Figure 2. Qubit 0 of the GHZ circuit on the Bloch sphere; the amplitude bars are coloured by phase (hue) and amplitude (brightness).
Architecture — topology
Routing a workload of qubit interactions across a coupling map. A ring routes both the visible and the held-out workload within budget; a linear path tuned to the visible pairs exceeds the held-out budget and is rejected at the anti-overfit gate.
Select Path with the held-out workload: the topology that aced the visible pairs now routes [0–3] the long way and exceeds the budget.
Figure 3. Routing cost is the summed shortest-path distance over the required interactions; the held-out workload is the anti-overfit gate.
Quantum machine learning
A quantum feature map Ry(scale·x) labels points by the sign of ⟨X⟩ = sin(scale·x). Filled dots are training data; ringed dots are the held-out test set. Raise the frequency: the curve still threads every training point, but the test points are misclassified — what the held-out gate catches.
Figure 4. Decision curve of the feature map; held-out test accuracy below threshold triggers the anti-overfit gate (exit 6).
Scoreboard · the current frontier
A per-problem leaderboard of judge-ACCEPTED designs, ranked by the verified metric. Seeded with the harness's reference baselines; every number is the judge's own and re-verifiable (scoreboard/verify.py → 5/5 exit 0). No score here is self-reported.
| Problem · task | Paradigm | Verified metric | Cost | Model | Proof |
|---|---|---|---|---|---|
| ghz3 · state_prep | chain-cascade | fidelity 1.000≥ 0.99 · base 0.5 | 2q 2 · depth 3 | reference-baseline | bundle ↗ |
| isingbell2 · vqe | minimal-bell-ansatz | gap 0.000 to E₀=−2budget 0.05 · base −1 | 2q 1 · depth 2 | reference-baseline | bundle ↗ |
| bell_pops2 · populations | phase-correct-bell | ⟨X₀X₁⟩ +1.00held-out · pops dev 0 | 2q 1 · depth 2 | reference-baseline | bundle ↗ |
| aiaccel4 · architecture | ring | routing 2budget 2 · base 4 · held-out 2 | edges 4 · deg 2 | reference-baseline | bundle ↗ |
| qml_sign1 · classify | low-frequency-encoding | test 100%held-out · train 100% | ops 1 · 1 qubit | reference-baseline | bundle ↗ |
Table 1. Seeded leaderboard.

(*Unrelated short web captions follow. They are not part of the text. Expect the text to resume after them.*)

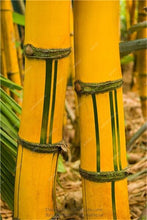 Load image into Gallery viewer, 100Pc Bamboo Bonsai Rare Giant Black Moso Bamboo Bambu Professional Pack Bambusa Lako Tree Bonsai For Home Garden Purify The Air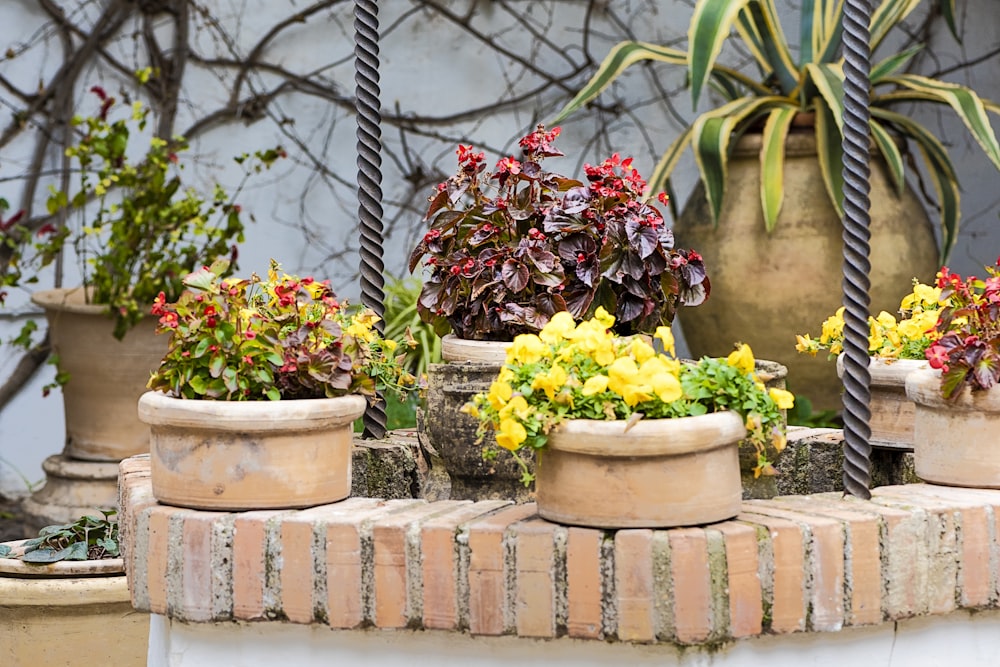 a close up of a flower pot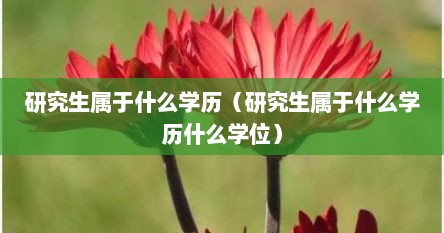 研究生属于什么学历（研究生属于什么学历什么学位）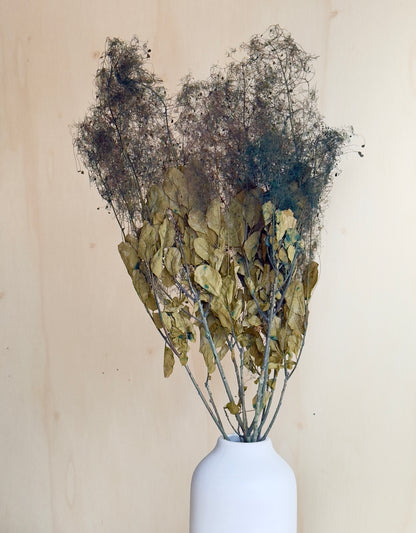 Preserved Smoke Bush - Olive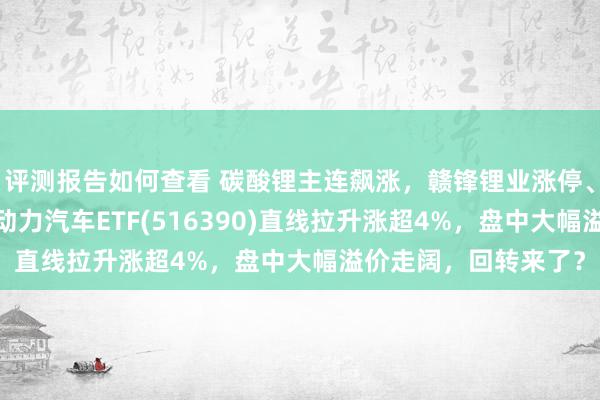 评测报告如何查看 碳酸锂主连飙涨，赣锋锂业涨停、宁德时期涨3%，新动力汽车ETF(516390)直线拉升涨超4%，盘中大幅溢价走阔，回转来了？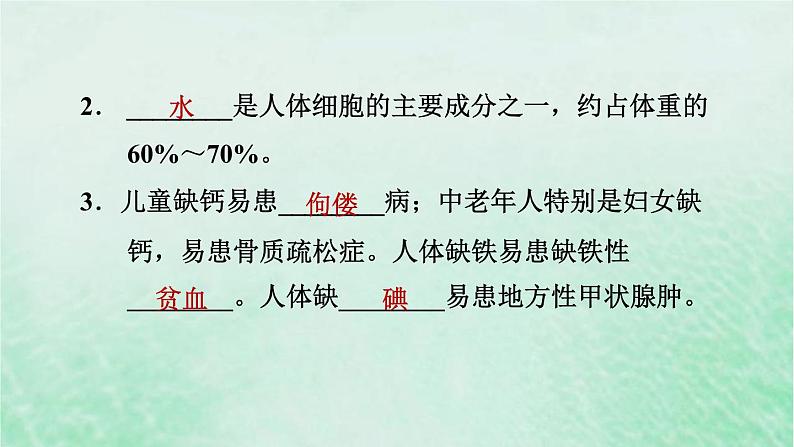 人教版七年级生物下册期末复习冲刺第2章人体的营养课件04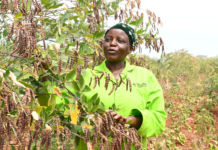 Simple shift in pigeonpea planting could boost yield by 20 per cent – research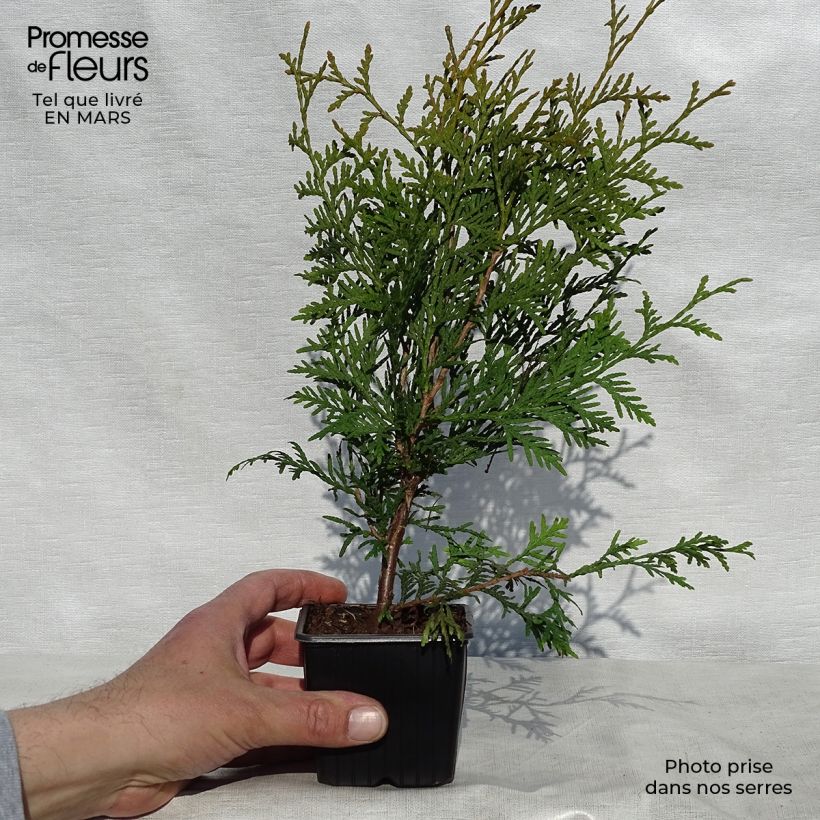 Thuja occidentalis Brabant - Canadian Arborvitae 8/9 cm pot sample as delivered in spring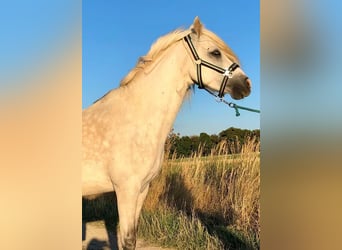 Welsh-B Mix, Wallach, 13 Jahre, 132 cm, Schimmel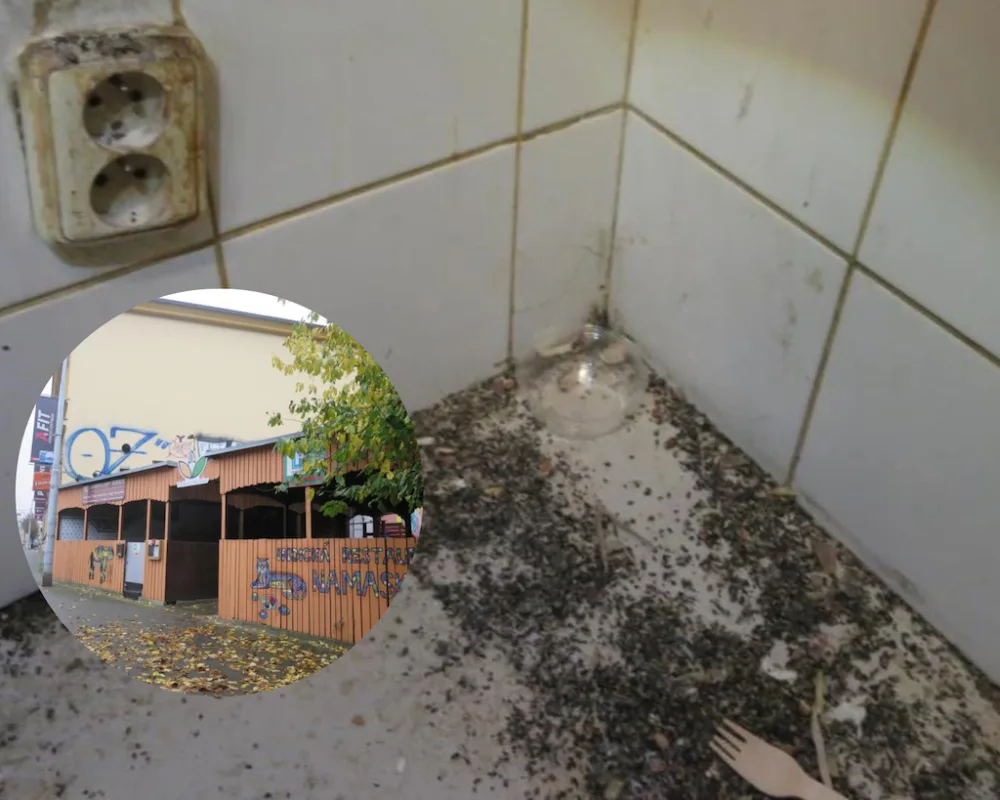 Vyhlášená indická restaurace v Brně byla plná špíny a myších výkalů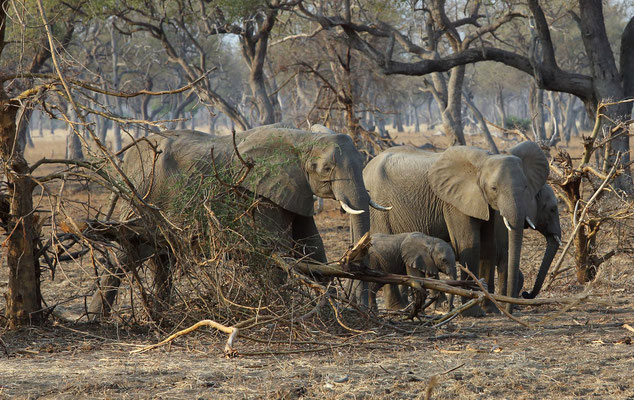 South Luangwa National Park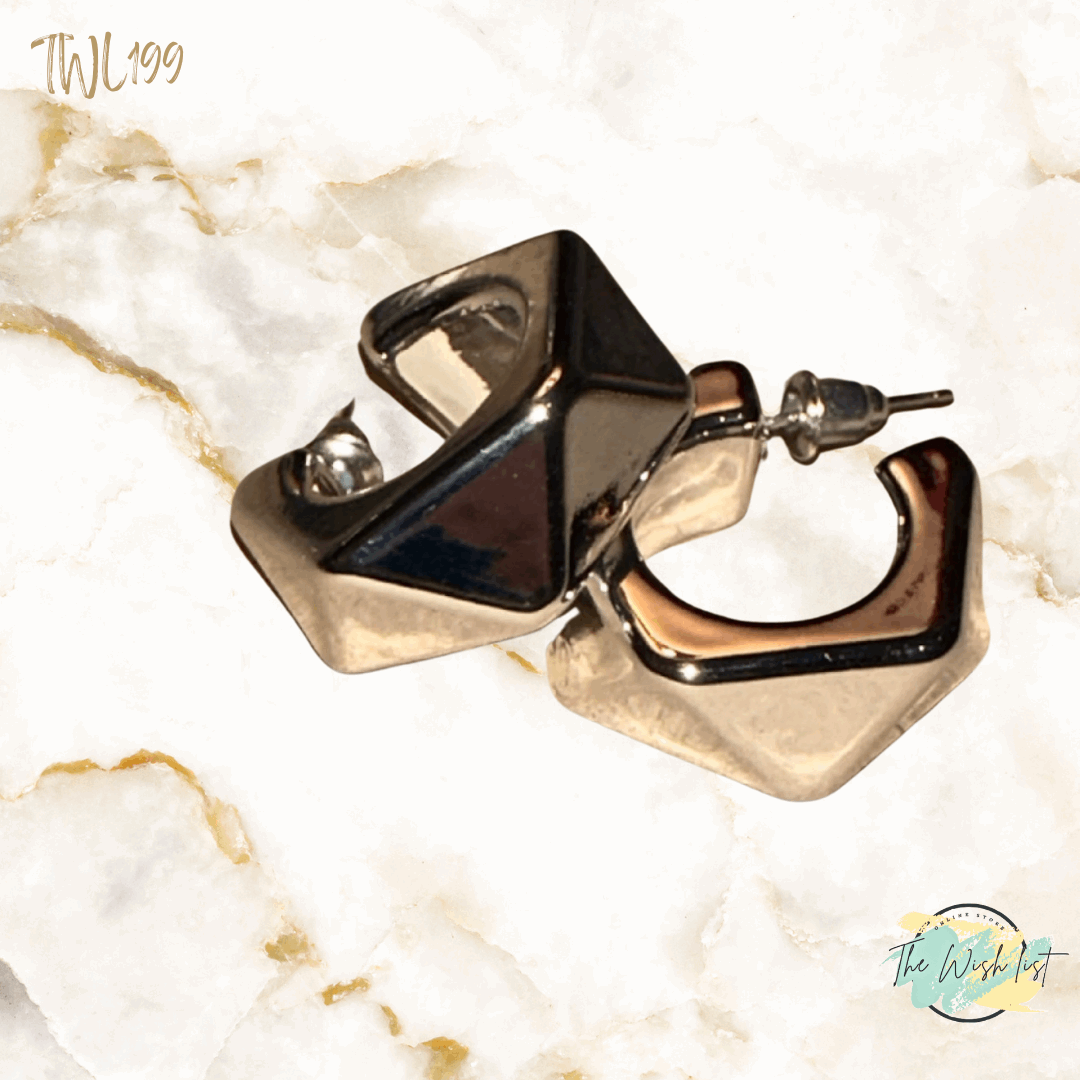 Unique shaped geometric earrings - Black Silver Gold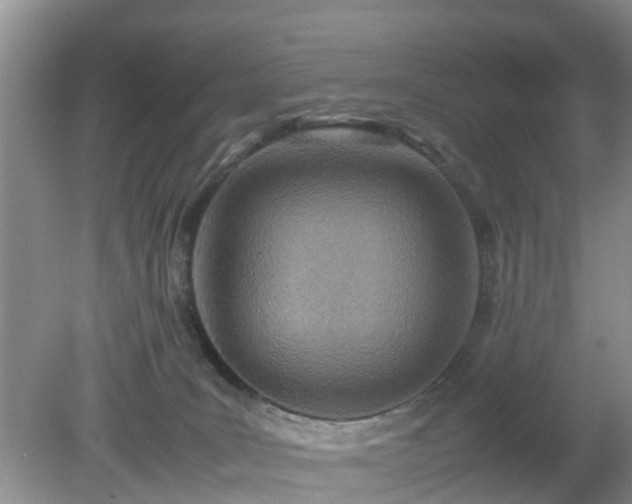 X0000079300035200611251724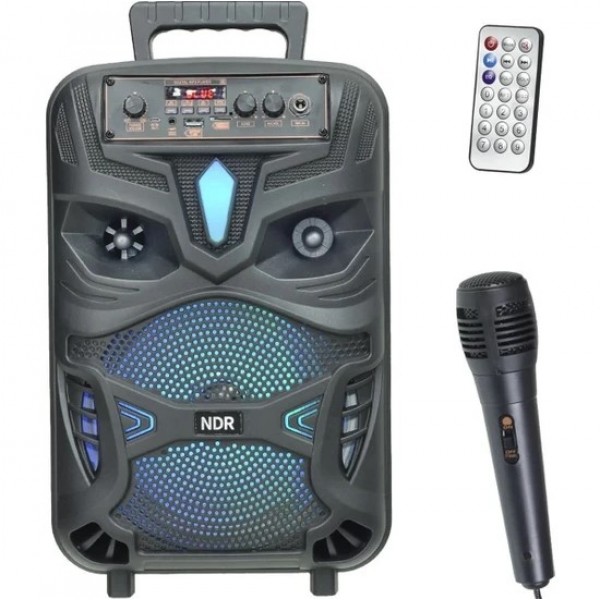 Auris NDR-P55 USB - Sd - Bluetooth'lu Kablolu Mikrofon 8'' Portatif Se…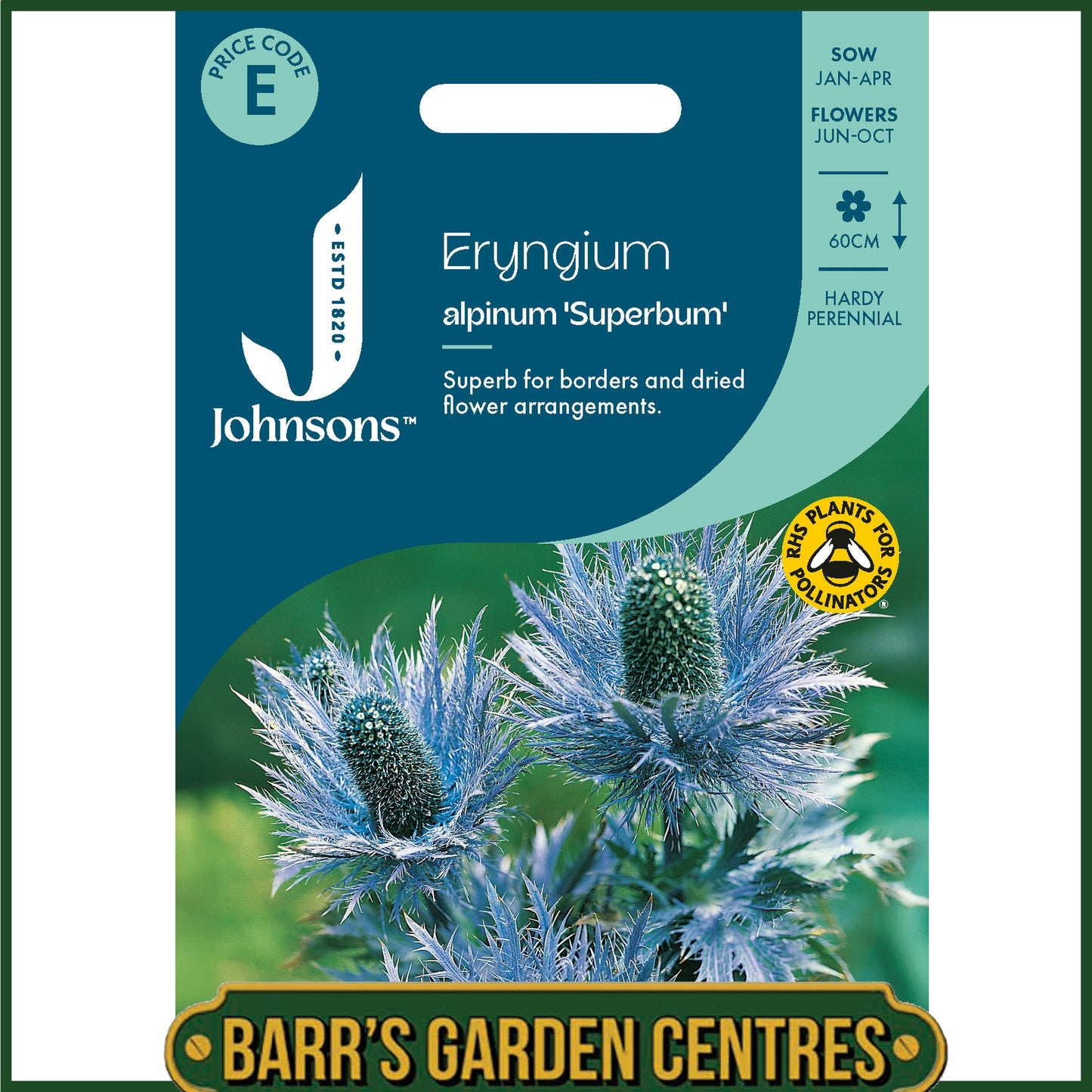 Johnsons - Eryngium Alpinum Superbum - 50 Seeds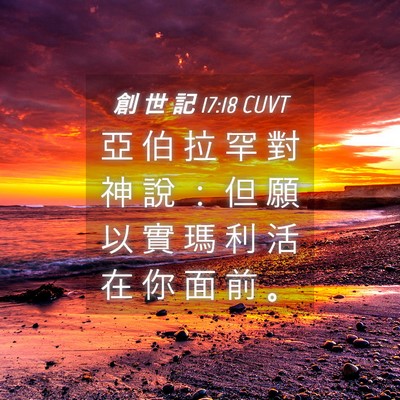 Picture 04 - 創 世 記 17:18 CUVT - 亞 伯 拉 罕 對 神 說 ： 但 願 以 實 - Bible Verse Picture
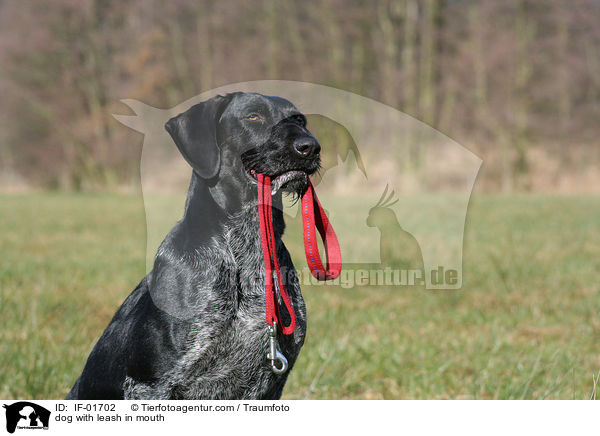 Hund trgt Leine im Maul / dog with leash in mouth / IF-01702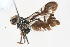  (Metasphenisca brachycrura - 08757-TephG05)  @11 [ ] Copyright (2011) RS Copeland Unspecified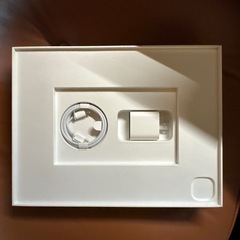 Apple iPad Pro シルバー 本体　1TB セルラー M4 13インチの画像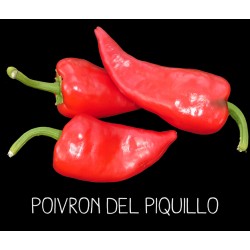 Poivron del piquillo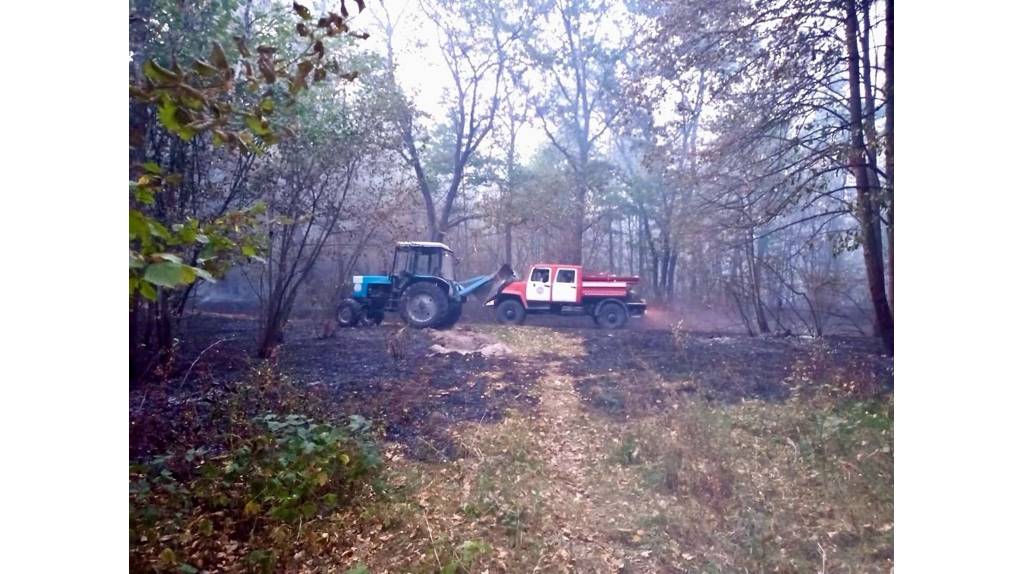 В Брянской области установился наивысший класс пожарной опасности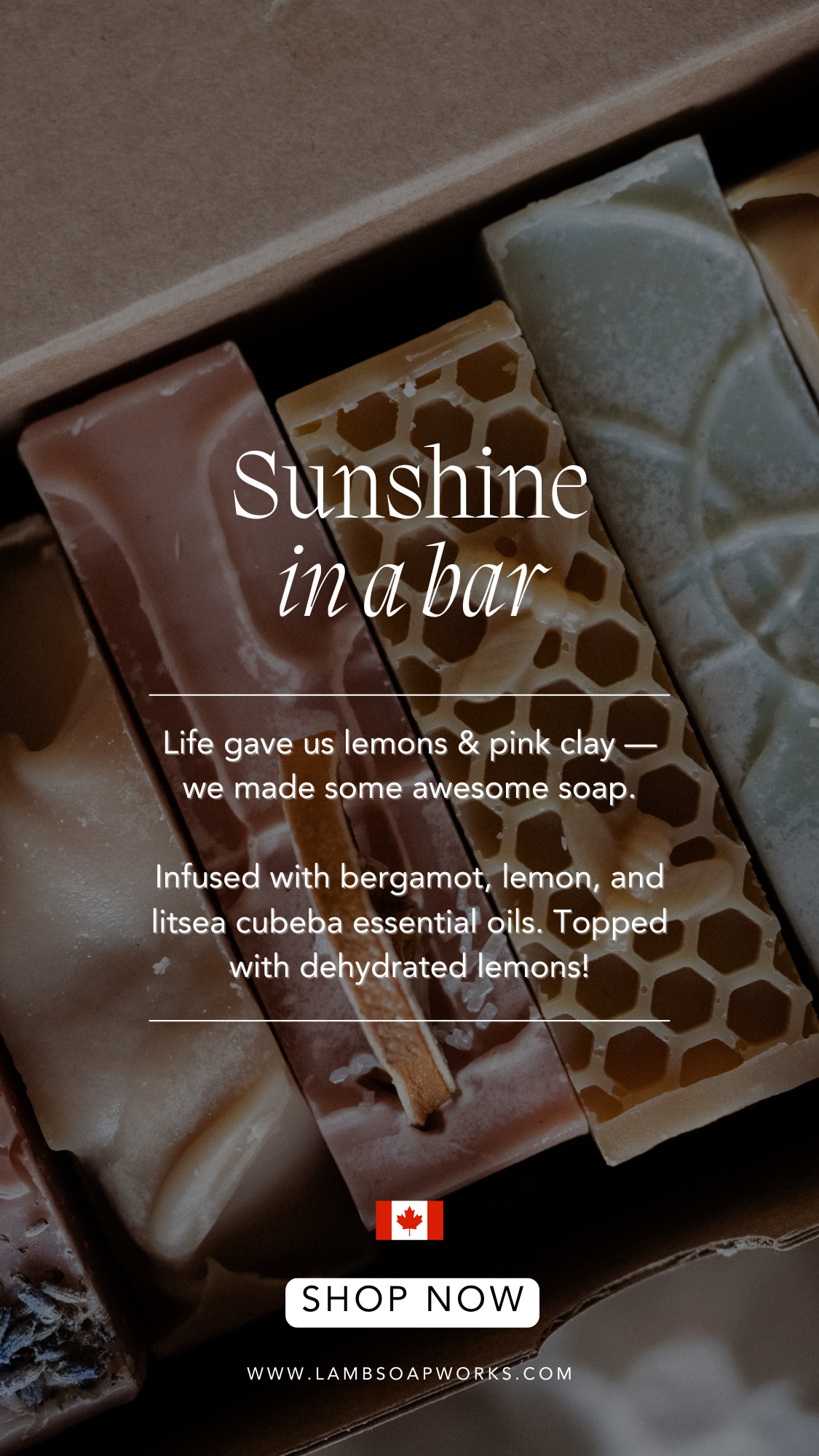 soap-company-pinterest-management (11)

Model = reference-baseline — hand-authored worked examples, not a model run; the bar to beat. A real run names the model it pointed at the BRIEF and links its own public run repo. Model is provenance, never a ranking key — the judge re-simulates regardless of author. ⚛ marks a hardware overlay (the design also run on a device; the sim score stays the rank).
Do your own run
Each run lives in its own public repo. You bring the model — your Claude subscription, or API / token credits. The judge never holds your credits; it only structures the run and verifies the output.
The run repo is the permanent, public, re-verifiable record. Anyone re-runs the judge on your committed bundle and gets the same verdict — that's the whole contract.